Decided I'm gonna push hard af until next Friday which will be the end of the cut.

Diet until then will be :

Meal 1: 40g whey

Meal 2: 1 chicken breast, veggies

Meal 3: 40g whey

Pre workout: 40g whey, 100g oats

Post workout: 2 chicken breast, 300g sweet potato, veggies


----------



## AnabolicGyno (Feb 24, 2017)

Legs:
1. Squats - 10x60kg, 8x100kg, 8x120kg, 6x140kg, 8x150kg
2. ‎Leg curl - 4x12 65kg
3. ‎Leg extension - 4x12 65kg

Shoulders:
1. DB shoulder press - 20x20kg, 2x15 30kg, 2x8 34kg
2. Seated DB laterals - 20x10kg, 15x12kg, 4x12 14kg
3. DB reverse fly - 4x12 12kg
4. ‎Cable laterals - 3x12-15 3p
5. DB shrug - 4x10-12 40kg

Abs:
Hanging leg raise - 100 reps total


----------



## AnabolicGyno (Feb 24, 2017)

212.0lbs this morning but looking leaner than ever, rest day today still eating the same food as planned just spaced out a bit more, 45 mins cardio later.

Thinking of doing a show soon, there's one the end of April, not sure if it would be realistic to bulk and prep in time but I'll see how I go.


----------



## AnabolicGyno (Feb 24, 2017)

207.8lbs this morning.

Chest: 
1. BB bench - 12x60kg, 8x70kg, 8x85kg, 18x90kg, 8x100kg, 7x105kg, 6x107.5kg
2. ‎ Plate loaded incline press - 12x30kg/side, 3x8-10 35kg/side
3. Dip - BWx15, 3x8-10 +15kg
4. Hi>Low cable fly - 3x15 6p
5. Low>Hi cable fly - 3x12 4p

Bis: 
1. Cable curl - 20x6p, 3x10 11p
2. Single arm cable curl - 3x8-10 5p
3. ‎DB hammer curl - 3x8-10 20kg 
4. ‎Supinating curl - 3x10-12 12kg

Plus 45 mins cardio AM, 45 mins PM

1700-1800 cals today


----------



## AnabolicGyno (Feb 24, 2017)

206.8lbs this morning. 45 mins cardio AM, 45 PM.

Back: 
1. Bent over row - 15x60kg, 4x10 90kg 
2. ‎DB row - 4x10 42kg 
3. Single arm pulldown - 4x8-10 14p
4. ‎Rope pullover - 2x12 12p, 2x15 10p
5. ‎Wide grip pull down - 4x12 20p

Tricep: 
1. Rope pushdown - 12x10p, 3x8-10 12p
2. ‎Overhead v-grip - 4x12-15 12p
3. ‎Reverse grip pushdown - 3x8 5p


----------



## AnabolicGyno (Feb 24, 2017)

Current shape, can't wait to fill out with Sdrol and look like a penis.


----------



## AnabolicGyno (Feb 24, 2017)

205.2lbs morning weight, added 60g coco pops PWO and pushed meals back. 45 mins cardio AM, 45 PM

Legs: 
1. Squats - 12x60kg, 8x100kg, 8x110kg, 8x125kg, 14x135kg, 8x140kg, 6x150kg
2. ‎Leg extension - 4x12 65kg
3. ‎Leg curl - 4x12 65kg

Shoulders: 
1. DB lateral - 20x10kg, 20x12kg, 15x14kg, 3x12 16kg
2. ‎DB reverse - 4x12 14kg
3. ‎Upright row - 3x12 40kg
4. ‎Cable lateral - 3x12 4p
5. ‎Cable reverse fly - 3x12 2p
6. ‎DB shrug - 4x12 40kg


----------



## AnabolicGyno (Feb 24, 2017)

Carbbed up with cereal yesterday night and today, probably hit around 4-5k cals with normal protein and low fat.

Gonna do 1 or 2 more days of high high carbs then tone it back to about the 3800-4200kcal range for a bit and see what happens weight and mirror wise.

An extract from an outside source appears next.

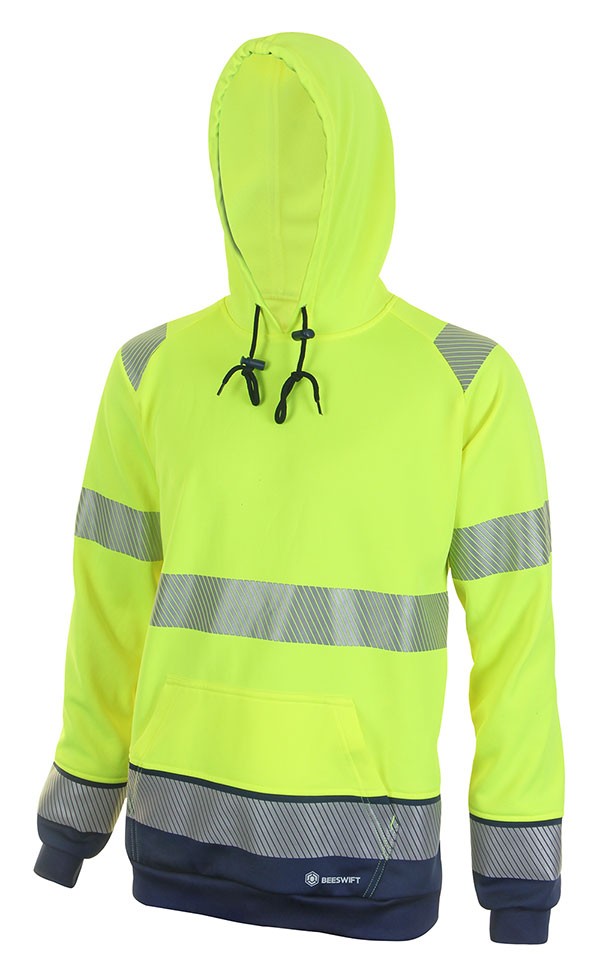 Beeswift Deltic Hi-Vis Two-Tone Hoodie Saturn Yellow / Navy Size XXL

Also sticking with one 45 min cardio sesh on training days for now.

10mg superdrol took yesterday and 10mg today, gonna start dosing 20mg as of tomorrow.

Chest: 
1. BB Bench - 12x60kg, 6x75kg, 6x90kg, 16x95kg, 6x100kg, 6x105kg, 7x110kg
2. ‎Incline press machine - 15x40kg/side, 3x8-10 50kg/side
3. Incline DB fly- 15x16kg, 3x12 18kg
4. ‎High>Low cable fly - 15x6p, 3x12 7p
5. ‎Low>High cable fly - 3x12 4p

Bicep: 
1. BB curl - 12x25kg, 3x10 35kg
2. ‎Behind back cable curl - 3x8-10 5p
3. ‎Hammer curls - 3x10 20kg
4. ‎Reverse grip curl - 3xF 20kg

Abs: 
Hanging legs raise - 100 total


----------



## AnabolicGyno (Feb 24, 2017)

Just fu**ing wrecked a dominoes, first time eating it in months went down a treat, actually found a show the 12th of May in my Uni, really think I'm gonna do it. 28 weeks away, 15 week bulk, 13 weeks to prep.

Gym pic from today, cereal pump had me feeling juicy.


----------



## AnabolicGyno (Feb 24, 2017)

20mg superdrol this morning, eating out a bit today seeing people haven't seen in a while, taking it easy on diet.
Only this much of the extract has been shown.